Es war zwar nicht der Beginn einer wunderbaren Freundschaft, sondern eher eines gespannten Verhältnisses: Der König mochte seinen ersten Kammercembalisten nicht wegen seines beißenden Humors und seiner übertriebenen finanziellen Forderungen, und er fand dessen Musik zu wenig italienisch, zu deutsch eigenwillig. Dennoch war auch dem König klar, welche Rolle Carl Philipp Emanuel Bach in seinen knapp drei Berliner Jahrzehnten spielte – als umsichtiger Begleiter des königlichen Flötenspiels und als Gallionsfigur der „Berliner Schule“.
Hunderte von Werken hat Carl Philipp in Berlin und Potsdam verfasst, wobei zwei Gattungen herausragen: das Cembalokonzert und die Triosonate. Liest man im gedruckten Nachlassverzeichnis des Komponisten nach, das zwei Jahre nach seinem Tod 1790 in Hamburg erschien, so ist die Liste an Werken gerade in diesen beiden Genres lang.

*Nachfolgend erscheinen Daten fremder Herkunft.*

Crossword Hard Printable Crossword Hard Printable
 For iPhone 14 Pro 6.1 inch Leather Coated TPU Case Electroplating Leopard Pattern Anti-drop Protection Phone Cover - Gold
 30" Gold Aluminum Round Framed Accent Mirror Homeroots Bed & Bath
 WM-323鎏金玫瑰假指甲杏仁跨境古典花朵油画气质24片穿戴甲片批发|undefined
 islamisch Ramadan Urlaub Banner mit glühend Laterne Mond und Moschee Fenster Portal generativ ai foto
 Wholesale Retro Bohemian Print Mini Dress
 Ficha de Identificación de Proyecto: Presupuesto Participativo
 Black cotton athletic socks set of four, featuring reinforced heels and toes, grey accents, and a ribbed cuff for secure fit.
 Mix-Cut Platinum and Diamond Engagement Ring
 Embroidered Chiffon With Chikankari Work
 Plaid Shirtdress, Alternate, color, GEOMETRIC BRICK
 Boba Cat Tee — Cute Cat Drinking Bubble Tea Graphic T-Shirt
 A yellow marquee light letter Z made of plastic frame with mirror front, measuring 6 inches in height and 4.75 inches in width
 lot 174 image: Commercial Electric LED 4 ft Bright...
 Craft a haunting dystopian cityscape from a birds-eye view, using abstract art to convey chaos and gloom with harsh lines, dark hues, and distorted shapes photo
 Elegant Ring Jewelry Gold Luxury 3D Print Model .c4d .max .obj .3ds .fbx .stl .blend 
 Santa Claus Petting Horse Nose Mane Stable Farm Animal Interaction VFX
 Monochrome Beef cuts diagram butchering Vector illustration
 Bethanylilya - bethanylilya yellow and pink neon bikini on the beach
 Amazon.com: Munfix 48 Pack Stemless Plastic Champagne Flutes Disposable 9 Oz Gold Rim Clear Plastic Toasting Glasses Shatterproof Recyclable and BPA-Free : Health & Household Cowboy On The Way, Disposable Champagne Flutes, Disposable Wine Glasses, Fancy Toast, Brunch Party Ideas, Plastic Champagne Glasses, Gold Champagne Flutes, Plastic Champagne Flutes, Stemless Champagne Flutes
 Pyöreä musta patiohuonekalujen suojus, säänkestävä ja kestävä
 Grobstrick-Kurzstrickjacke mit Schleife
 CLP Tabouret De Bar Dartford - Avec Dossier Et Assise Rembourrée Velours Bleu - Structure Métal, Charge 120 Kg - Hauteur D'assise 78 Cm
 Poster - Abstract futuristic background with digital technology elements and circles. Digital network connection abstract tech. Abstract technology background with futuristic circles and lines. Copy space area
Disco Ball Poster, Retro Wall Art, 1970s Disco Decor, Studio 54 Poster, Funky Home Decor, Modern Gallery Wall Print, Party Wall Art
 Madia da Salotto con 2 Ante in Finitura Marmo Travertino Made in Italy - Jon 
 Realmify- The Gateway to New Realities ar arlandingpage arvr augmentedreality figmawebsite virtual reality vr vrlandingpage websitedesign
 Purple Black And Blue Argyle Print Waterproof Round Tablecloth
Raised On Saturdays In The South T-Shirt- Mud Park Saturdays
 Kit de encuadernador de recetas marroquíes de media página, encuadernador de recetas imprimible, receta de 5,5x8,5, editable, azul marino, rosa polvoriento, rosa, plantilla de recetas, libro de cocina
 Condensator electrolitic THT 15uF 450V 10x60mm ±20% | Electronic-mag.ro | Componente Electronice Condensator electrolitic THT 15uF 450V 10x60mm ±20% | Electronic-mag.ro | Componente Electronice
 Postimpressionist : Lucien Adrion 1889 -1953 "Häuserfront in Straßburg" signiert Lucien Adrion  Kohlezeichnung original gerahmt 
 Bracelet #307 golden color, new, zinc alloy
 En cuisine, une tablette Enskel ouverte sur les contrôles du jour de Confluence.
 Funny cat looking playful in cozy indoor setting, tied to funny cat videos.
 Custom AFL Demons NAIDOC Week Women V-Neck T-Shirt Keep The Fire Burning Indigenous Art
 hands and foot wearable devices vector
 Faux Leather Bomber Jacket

Auf 130 Seiten kann man die Schätze bestaunen, die der Bachsohn im Laufe seines Lebens angehäuft hatte: zuerst natürlich seine eigenen Werke, gedruckte wie handschriftliche, dann zahlreiche Kompositionen seines Vaters, seines Patenonkels Telemann und vieler anderer Komponisten sowie den Katalog der Musikerporträts, die der Berliner Bach in Form von Stichen oder Gemälden gesammelt hatte. Die ersten 66 Seiten sind ganz den eigenen Werken vorbehalten. Allein sieben Seiten davon füllt die Liste seiner „Trii“. Zwischen 1746 und 1787 hat der Bachsohn nicht weniger als 46 Trios in verschiedenen Besetzungen geschrieben.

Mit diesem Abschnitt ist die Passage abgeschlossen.